Example: Manifold Regularization. Overloading the notation we write now P(X) for the distribution P restricted to \(\mathcal {X}\). In MR one assumes that the input distribution P(X) has support on a compact manifold \({M} \subset \mathcal {X}\) and that the predictor \(f \in \mathcal {F}\) varies smoothly in the geometry of M [7]. There are several regularization terms that can enforce this smoothness, one of which is \( \int _{M} || \nabla _{M} f(x) ||^2 dP(x)\), where \(\nabla _{M} f\) is the gradient of f along M. We know that \( \int _{M} || \nabla _M f(x) ||^2 dP(x)\) may be approximated with a finite sample of \(\mathcal {X}\) drawn from P(X) [6]. Given such a sample \(U=\{x_1,...,x_{n+m}\}\) one defines first a weight matrix W, where \(W_{ij}=e^{-{||x_i-x_j ||^2/}{\sigma }}\). We set L then as the Laplacian matrix \(L=D-W\), where D is a diagonal matrix with \(D_{ii}=\sum _{j=1}^{n+m}W_{ij}\). Let furthermore \(f_U=(f(x_1),...,f(x_{n+m}))^t\) be the evaluation vector of f on U. The expression \(\frac{1}{(n+m)^2}f_U^tLf_U=\frac{1}{(n+m)^2} \sum _{i,j}(f(x_i)-f(x_j))^2W_{ij}\) converges to \( \int _M || \nabla _M f ||^2 dP(x)\) under certain conditions [6]. This motivates us to set the unsupervised loss as \(\psi (f,(x_i,x_j))=(f(x_i)-f(x_j))^2W_{ij}\). Note that \(f_U^tLf_U\) is indeed a convex function in f: As L is a Laplacian matrix it is positive definite and thus \(f_U^tLf_U\) defines a norm in f. Convexity follows then from the triangle inequality.

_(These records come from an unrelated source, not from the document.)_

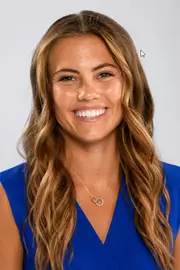 Sarah Hamner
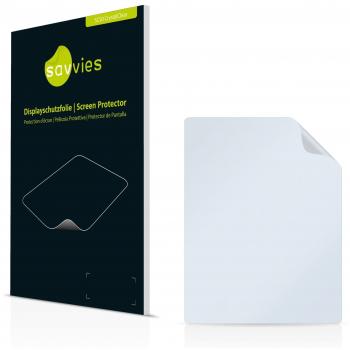 Savvies SC50 Protector de pantalla compatible para Vodafone Digital Assistent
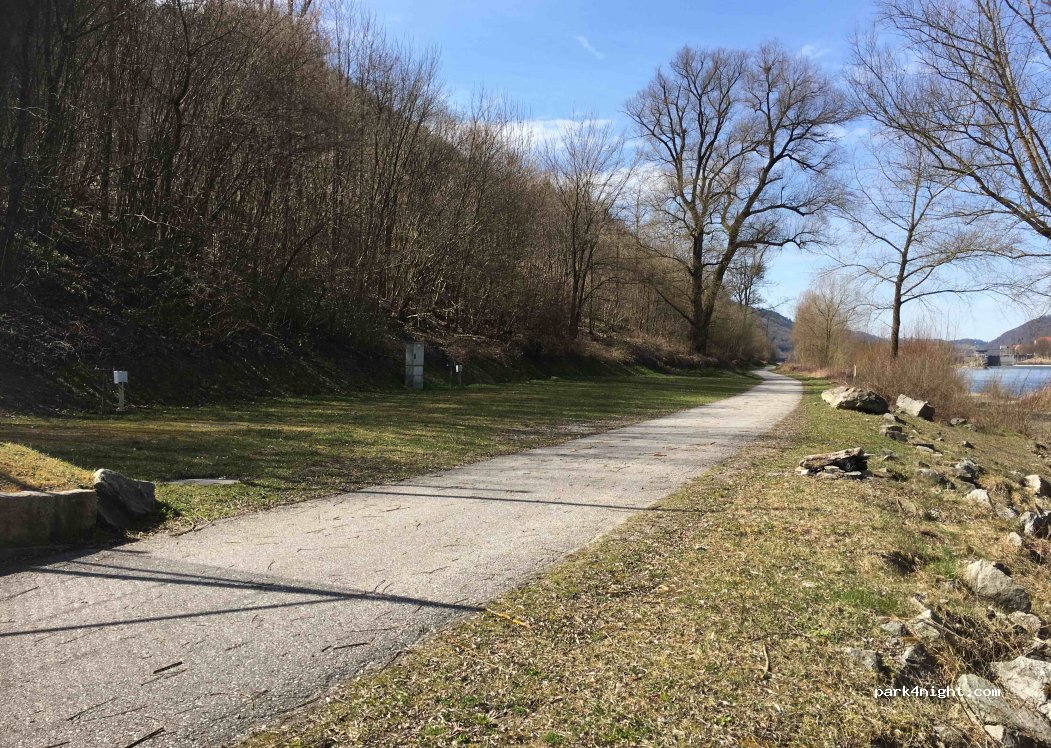Campingplatz Engelhartszell — foto 3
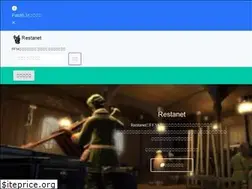 Sites similar to ff14restanet.com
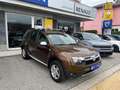 Dacia Duster 1.5 dci Laureate 4x4 110cv Marrone - thumbnail 1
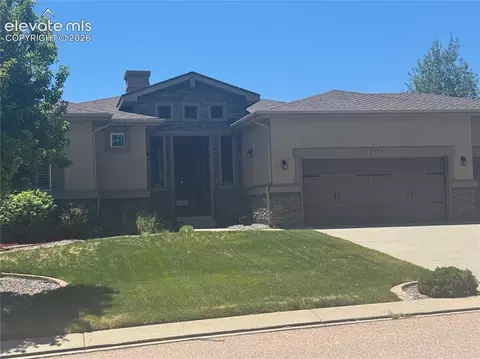 2171 Diamond Creek Dr, Colorado Springs, CO 80921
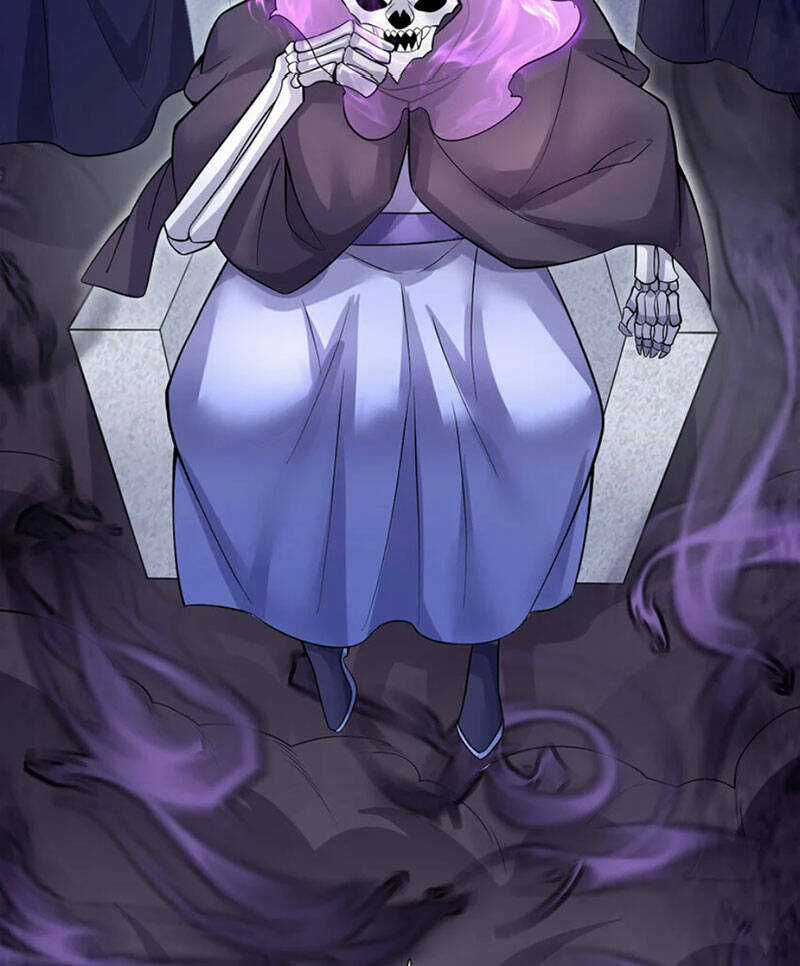 Khởi Đầu Có Kiếm Vực, Ta Sẽ Trở Thành Kiếm Thần Chapter 117 trang 43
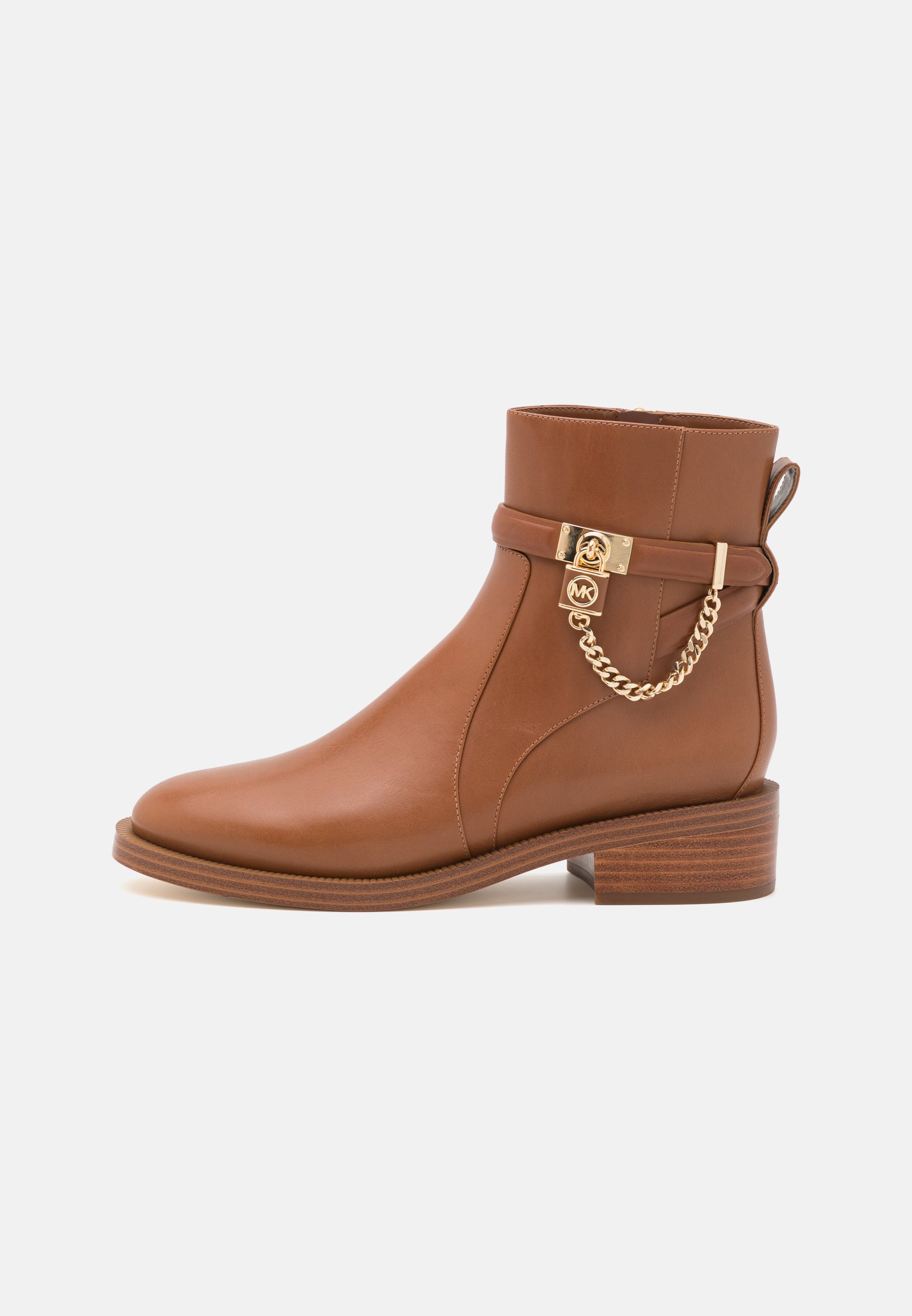 HAMILTON- Classic ankle boots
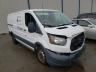 FORD - TRANSIT CONNECT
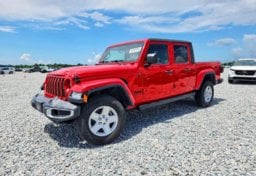 Picture of 2023 Jeep Gladiator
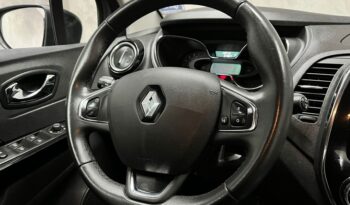 
									RENAULT CAPTUR 2.0 16V HI-FLEX INTENSE AUTOMÁTICO 2018 completo								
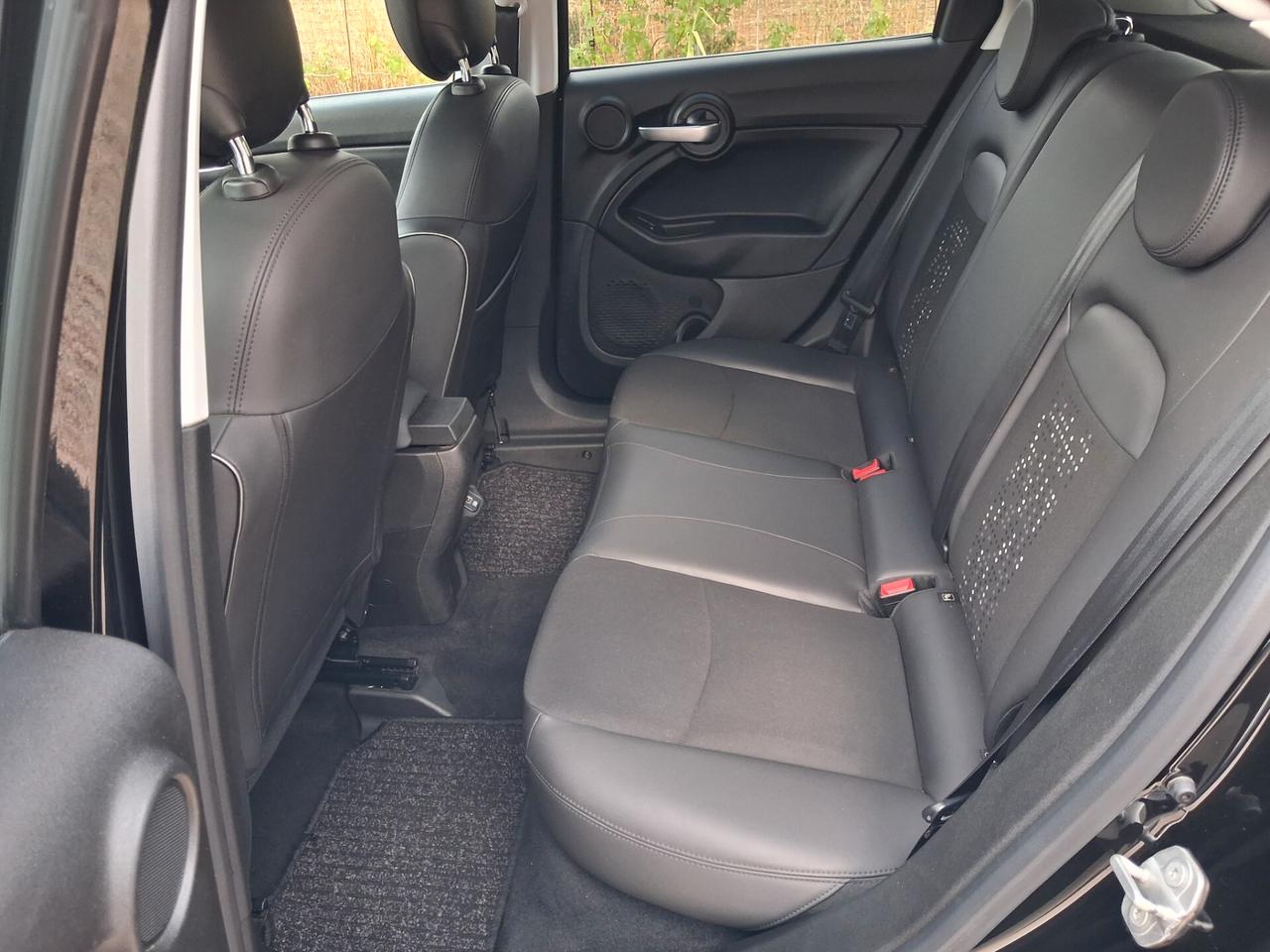 Fiat 500X 1.6 MultiJet 130 CV anno2022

5 Analysis of the Framework

In this section we analyze the properties of the solution \(f_{\text {semi}}\) found in Equation (2). We derive sample complexity bounds for this procedure, using results from [4], and compare them to sample complexities for the supervised case. In [4] the unsupervised loss is used to restrict the hypothesis space directly, while we use it as a regularization term in the empirical risk minimization as usually done in practice. To switch between the views of a constrained optimization formulation and our formulation (2) we use the following classical result from convex optimization [15, Theorem 1].

Lemma 1

Let \(\phi (f(x),y)\) and \(\psi (f,x)\) be functions convex in f for all x, y. Then the following two optimization problems are equivalent:

$$\begin{aligned} \min _{f \in \mathcal {F}} \frac{1}{n}\sum _{i=1}^{n}\phi (f(x_i),y_i) + \lambda \frac{1}{n+m}\sum _{i=1}^{n+m} \psi (f,x_i) \end{aligned}$$
(3)
$$\begin{aligned} \min _{f \in \mathcal {F}} \frac{1}{n}\sum _{i=1}^{n}\phi (f(x_i),y_i)~~\text { subject to }~\sum _{i=1}^{n+m} \frac{1}{n+m} \psi (f,x_i) \le \tau \end{aligned}$$
(4)

Where equivalence means that for each \(\lambda \) we can find a \(\tau \) such that both problems have the same solution and vice versa.

For our later results we will need the conditions of this lemma are true, which we believe to be not a strong restriction. In our sample complexity analysis we stick as close as possible to the actual formulation and implementation of MR, which is usually a convex optimization problem. We first turn to our sample complexity bounds.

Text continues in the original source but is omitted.